Common cause is often forgotten in Fault Tree Analysis (FTA). Failures which can affect several parts of a system at the same time (e.g. loss of power supply) must be included as basic events in all relevant branches of the Fault Tree. Alternative: implement Common cause by using a “Beta Factor” in FTA tool.
The definition of SIL (safety integrity level) applies to functions that have been in origin derived by some kind of risk analysis/classification. For a system/component it is common to hear sentence like “a SIL 2 controller”, “a SIL3 brake system”, etc. Correctly speaking the term SIL is only related to specific (safety) functions. Which functions are safety ones is the goal of the risk analysis. A more correct definition is that a “system is capable to implement safety functions up to SILx”. This means that the process, architectural and technical requirements of the standards are fulfilled by the system.

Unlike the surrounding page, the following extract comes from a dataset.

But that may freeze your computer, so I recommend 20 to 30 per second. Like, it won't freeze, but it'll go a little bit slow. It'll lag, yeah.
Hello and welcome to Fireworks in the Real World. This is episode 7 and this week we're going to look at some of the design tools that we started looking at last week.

The borders of the system to be analyzed from a safety point of view, and the interfaces to other system parts, are often not clearly defined at the beginning of a project. It is e.g. not clear which components are part of the system, which sensors/actuator variants shall be considered, etc. Starting a safety analysis without defining the scope is simply not possible, without avoiding several iterations each time the scope is changed.

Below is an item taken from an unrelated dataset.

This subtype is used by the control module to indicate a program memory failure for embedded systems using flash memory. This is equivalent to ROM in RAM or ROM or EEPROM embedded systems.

There is not something like separate SIL level of a Failure Detection and Monitoring blocks (Diagnostic) belonging to a safety function classified to certain SIL. Some standards allow to reduce the required integrity level by 1, but from a functional safety point of view the diagnostic is part of the safety functions. Integrity requirements apply to diagnostic as well. Further decomposition analysis can allow to reduce the integrity level, but usually not to exclude any safety requirements.
Some integrity/diagnostic measures are performed at each startup of the system (e.g. RAM test, Flash CRC check, output tests, etc.). These tests are very important, as they are e.g. used for argumentation on diagnostic measures, or for fault detection time (test interval) in the safety analysis. However, sometime the operation condition can change (new project, new requirements, etc.). Systems which were regularly powered-down, stay powered-up for longer time. For example, modern rail systems are nowadays often continuously powered-on, without re-start every morning. In such cases the intended diagnostic measures will not become effective. If needed by the safety analysis, regular re-start shall be therefore explicitly specified in the safety manual, operator documentation, etc.